I have a certain style of lighting that is easily demonstrated and totally repeatable. The main light on the subject is at 90 degrees to the subject. There you go - my secret is out! (I don't 'do' secrets by the way. I prefer to share my knowledge and my skills with anyone who wants to improve their own understanding and skill). When you stand facing the subject, the main light is not pointed at the subject - it is at 90 degrees, a right angle to the line of shooting. Simple. Repeatable. Works every time.

So attendees then have to work with the model. This is basic human inter-action. Some are better at it than others, and it shows. People are taught not to approach the model with the camera up to the eye, 'hiding' behind the lens, shooting in silence. They are taught to speak to the model; to introduce themselves; to explain and discuss with the model, the type of photograph they are hoping to take. For instance, is it a head-shot? Is it 3/4 length? Do they want eye contact? Do they want a high shoulder, a low shoulder or something more symmetrical? What type of expression do you want - sad, neutral, happy?
It is a joy to watch people very quickly get to grips with how to work with a model. They go home with a selection of RAW files that it is up to them to refine, edit, and print. Some will be better at it than others. They will produce final images that reflect their own skill level. The more workshops they attend, the more confident and the more proficient they get.

It is extremely rare for anyone to attend one workshop and never come back. Most attend again and again. They are eager to improve and know that by spending money on a workshop rather than equipment, they are doing themselves a favour. Yesterday, because everyone had considerable previous experience they were given an opportunity on 2 occasions to have complete free rein with the model and the studio, to sit with the model and discuss what they wanted to achieve. I was on hand to assist if required - and I was not needed. During this one-to-one session, all the other attendees are on the opposite side of the dividing wall - they do not get to witness what the person shooting is up to. Even I do not know whether they are shooting on the white stage background; or the grey fabric; or at the window; what props they are using, or not using; They are doing it themselves.

Editing of pictures is a completely separate skill from taking them. 3 of the attendees at the weekend were from a Dublin based Camera Club, and their camera club has arranged for me to come down next Saturday and do an all-day photoshop workshop. Again, I am totally open with my knowledge and my skills. They will be provided with images of mine, and we will work through the various steps that are essential to a good workflow. This is the 3rd Camera club in the Irish Photographic Federation to avail of this particular type of photoshop workshop.
Do I hear any of these begrudgers saying that anyone's image is not their own, because they have attended a photoshop workshop? Of course not. They have learned the skills. The exact same as when they took their pictures on the studio lighting workshop.

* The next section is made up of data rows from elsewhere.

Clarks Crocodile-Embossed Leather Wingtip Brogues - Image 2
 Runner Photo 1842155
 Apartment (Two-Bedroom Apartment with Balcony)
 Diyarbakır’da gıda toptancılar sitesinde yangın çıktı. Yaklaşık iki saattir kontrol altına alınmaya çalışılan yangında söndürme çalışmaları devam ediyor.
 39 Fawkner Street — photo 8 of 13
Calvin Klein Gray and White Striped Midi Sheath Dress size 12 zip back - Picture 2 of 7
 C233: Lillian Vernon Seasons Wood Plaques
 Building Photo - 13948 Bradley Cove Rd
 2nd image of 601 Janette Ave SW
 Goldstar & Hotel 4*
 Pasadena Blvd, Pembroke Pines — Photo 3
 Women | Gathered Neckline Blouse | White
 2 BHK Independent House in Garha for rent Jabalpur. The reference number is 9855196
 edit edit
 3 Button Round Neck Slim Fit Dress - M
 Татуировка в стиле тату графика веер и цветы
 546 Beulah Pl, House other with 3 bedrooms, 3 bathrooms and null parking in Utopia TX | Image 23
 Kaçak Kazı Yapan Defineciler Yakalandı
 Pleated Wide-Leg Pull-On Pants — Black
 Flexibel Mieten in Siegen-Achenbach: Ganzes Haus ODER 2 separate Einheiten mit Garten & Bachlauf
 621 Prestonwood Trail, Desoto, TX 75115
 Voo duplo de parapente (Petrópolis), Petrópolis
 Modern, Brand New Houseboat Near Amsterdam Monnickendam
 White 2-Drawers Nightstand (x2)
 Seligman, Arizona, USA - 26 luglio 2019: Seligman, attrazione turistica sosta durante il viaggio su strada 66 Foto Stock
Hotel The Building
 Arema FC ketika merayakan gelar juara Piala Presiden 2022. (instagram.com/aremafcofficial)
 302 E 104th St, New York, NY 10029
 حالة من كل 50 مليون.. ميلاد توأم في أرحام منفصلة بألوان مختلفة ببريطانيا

My studio lighting workshops also include a section on natural light. The same 90 degrees principle applies. I call it "get the light and not the shite." The model stands at one end of the window, and you stand at the other, shooting along the line of the window. As if the window is the big softbox that you set up at 90 degrees to the model in the studio. That way your lens is getting the 'light' from the window, but not the 'shite' that is outside the window. Simple. Repeatable. Works every time.

This is an example - total 100% natural light. The attendees are told to find the exposure themselves, making sure that the histogram gets as close to the right hand side as you would dare, without clipping the highlights. They then work one-to-one with the model. There is no 'paparazzi style' shooting ever!!

So in conclusion, those that 'diss' workshop images are either a begrudger or have been poisoned by a begrudger. They fail to realise that whilst they are busy bitching behind people's backs, others are actually upping their skills. People who they regard as novices, are suddenly beating them. They don't like that you see. But what they fail to realise is, they are no longer novices. They improved. They are better than you now. In more ways than you think.